Introduction
In this guide you will find documentation about:
-
The Expression node: Enables versatile, row-by-row data manipulation within KNIME workflows using the KNIME Expression Language.
-
The KNIME Expression Language: Find guidance for the syntax, semantics, and usage of the KNIME Expression Language.
Expression node
You can use the Expression node to perform row-by-row manipultation of your data. The node uses the KNIME Expression Language that you can find explained in the next section.
Simply drag and drop the node from the node repository and connect it to your data table.
Find an example on how to use the node on KNIME Community Hub. |
Open the node configuration dialog and you will see something like the following:
You can write your expression in the expression editor, using the input columns available from the input table or the flow variables. On the right side you can find the catalog of all the available functions with documentation about their usage. You can filter them and also expand or collapse the available categories.
In the Output column section at the bottom of the expression editor you can choose if you want to output the result of the expression in a new column and give the column a desired name or replace the existing column.
You can click Evaluate first 10 rows button or select the amount of rows you want to evaluate by clicking the icon. You can choose between 10 (default), 100, 1000.
Take into account that this will take more time based on the number of rows to be evaluated. |
At the bottom you will be able to see a preview of the manipulated table.
Additionally, the node integrates with the KNIME AI Assistant extension, which offers AI-assisted expression generation and modification, further simplifying the process. By asking K-AI for assistance, you can receive suggestions for expressions based on the column names and column types in your table.

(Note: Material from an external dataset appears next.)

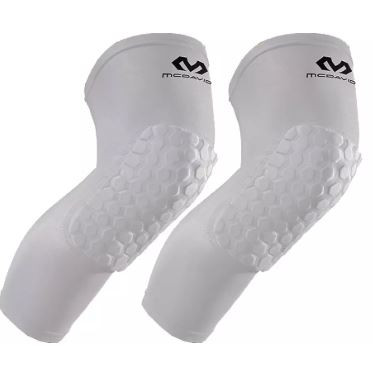 Vist Large View of Product Image Which is New HEX LEG SLVS PAIR WHT A/M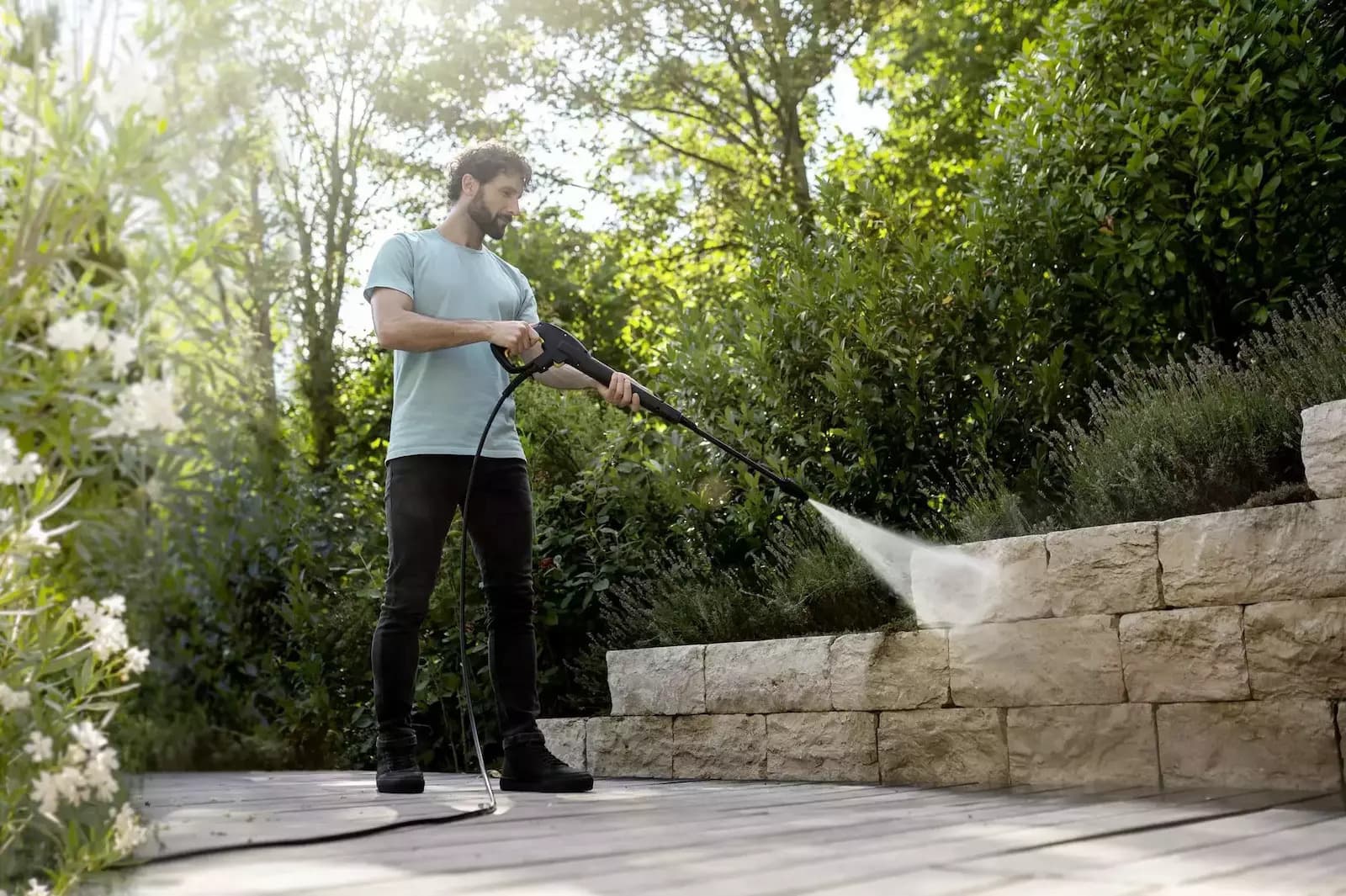 Karcher K 5 WCM Premium Πλυστικό Ρεύματος 2100W με Πίεση 145bar 3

Even with K-AI enabled, no data from the table is sent to the AI service. |
Expression Language
The KNIME Expression Language is a specialized language designed for data manipulation and analysis within KNIME workflows. Its purpose is to provide an intuitive and efficient way for users to perform calculations, string manipulations, and row or column-based operations without the need for extensive programming knowledge. This document serves as a guide for the syntax, semantics, and usage of the KNIME Expression Language.
Value types and literals
The KNIME Expression Language supports several basic value types, each serving a specific kind of data.
Some operations are only valid for a subset of value types. This is described where relevant.
Every type can be optional, see the section about MISSING
for more information.
BOOLEAN
The value type BOOLEAN
is used for logical values, that are either true or false. If handling optional values, i.e.,
type BOOLEAN | MISSING
,
Kleene’s three-valued logic will be applied.
For more details see section General rules for comparison operators.
BOOLEAN
literals are either TRUE
or FALSE
Number types - INTEGER
and FLOAT
The KNIME Expression Language only supports one type of integral numbers (INTEGER
) and one type of
floating point numbers (FLOAT
). For simplicity, different precisions are not supported.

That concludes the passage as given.